§ **WORK REQUEST**
Leave the images aside and repeat the whole listing exactly.

§ **EXTRACTED INFORMATION**
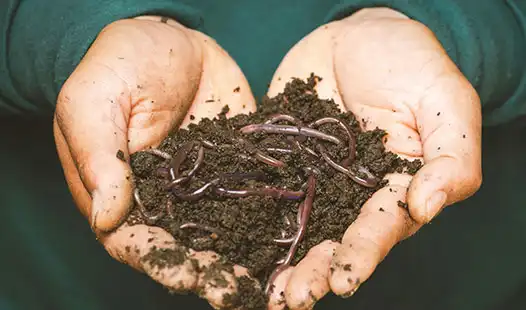 Can Organic Fertilizer Improve Water Retention in Soil?
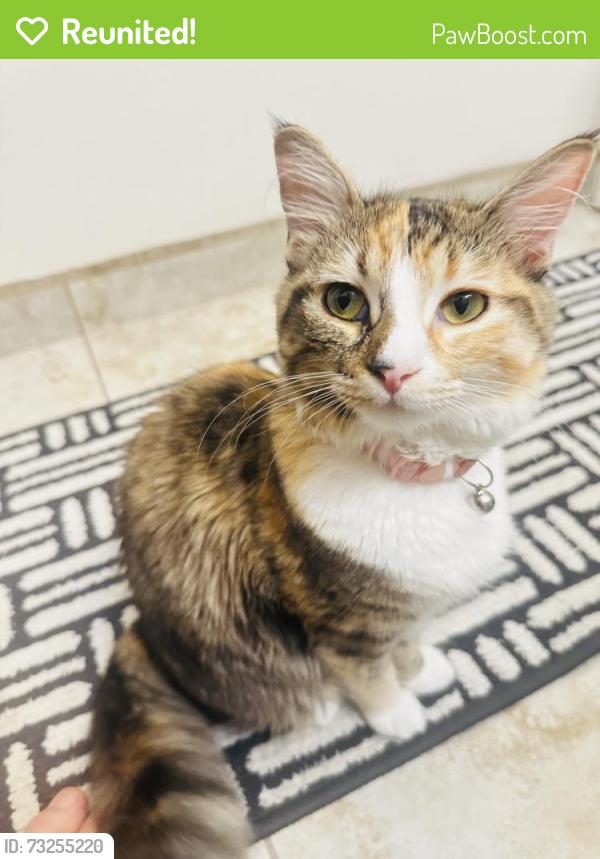 Reunited Female Cat last seen Palm Ave., San Diego, CA 92154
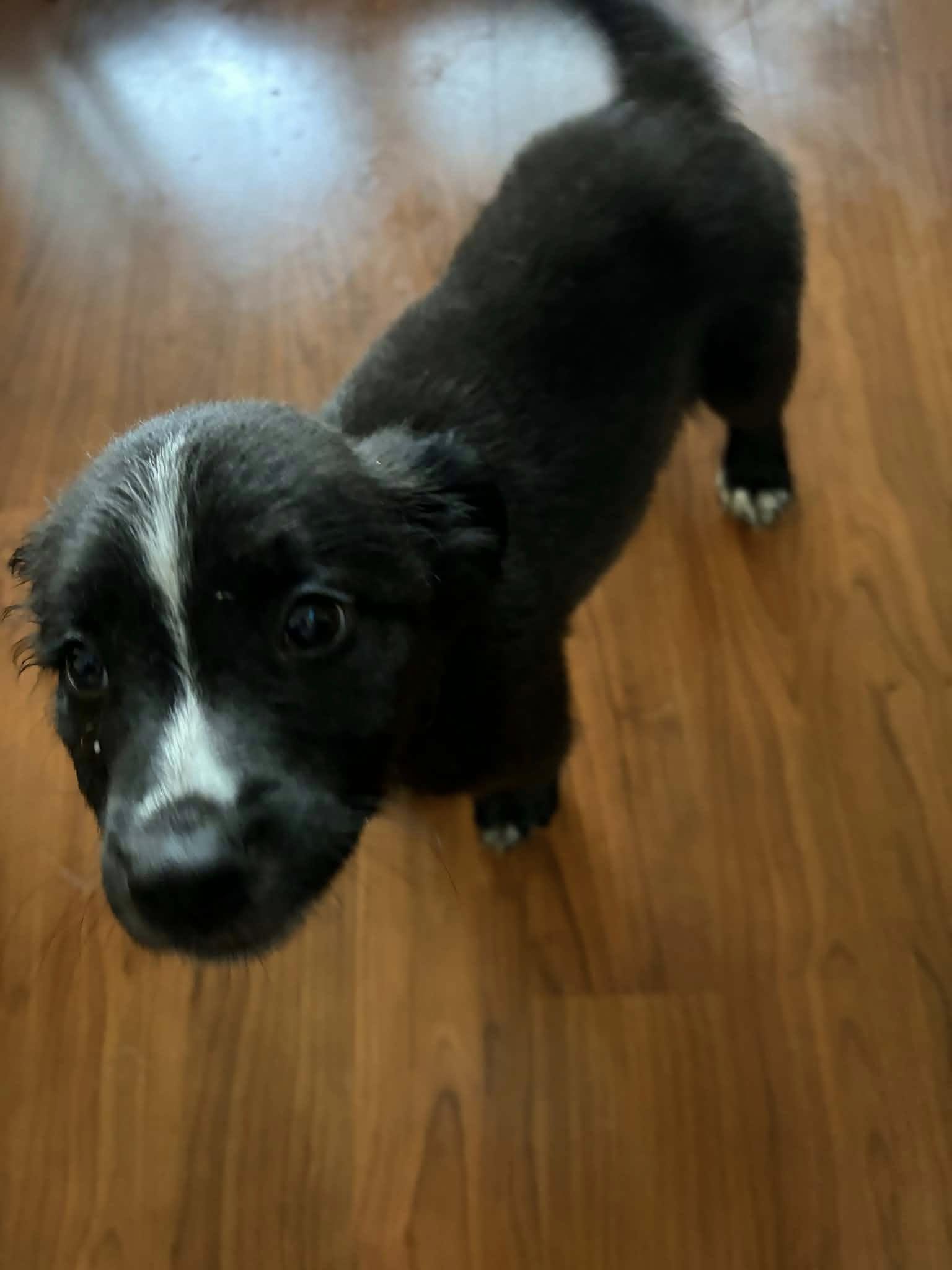 Enlarge Benji, an adopted Mixed Breed in Clinton, WI image 3/5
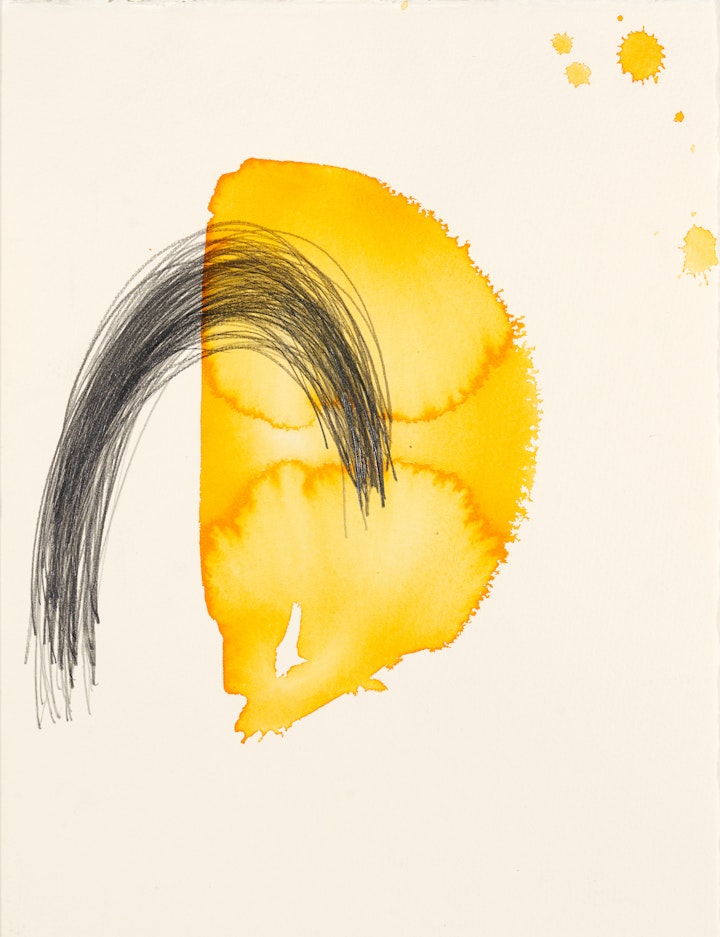 The Last Witch Pool
Ink and graphite on paper, 340 x 250mm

§ **RESULT OF THIS EXERCISE**
 Can Organic Fertilizer Improve Water Retention in Soil?
 Reunited Female Cat last seen Palm Ave., San Diego, CA 92154
 Enlarge Benji, an adopted Mixed Breed in Clinton, WI image 3/5
 The Last Witch Pool
Ink and graphite on paper, 340 x 250mm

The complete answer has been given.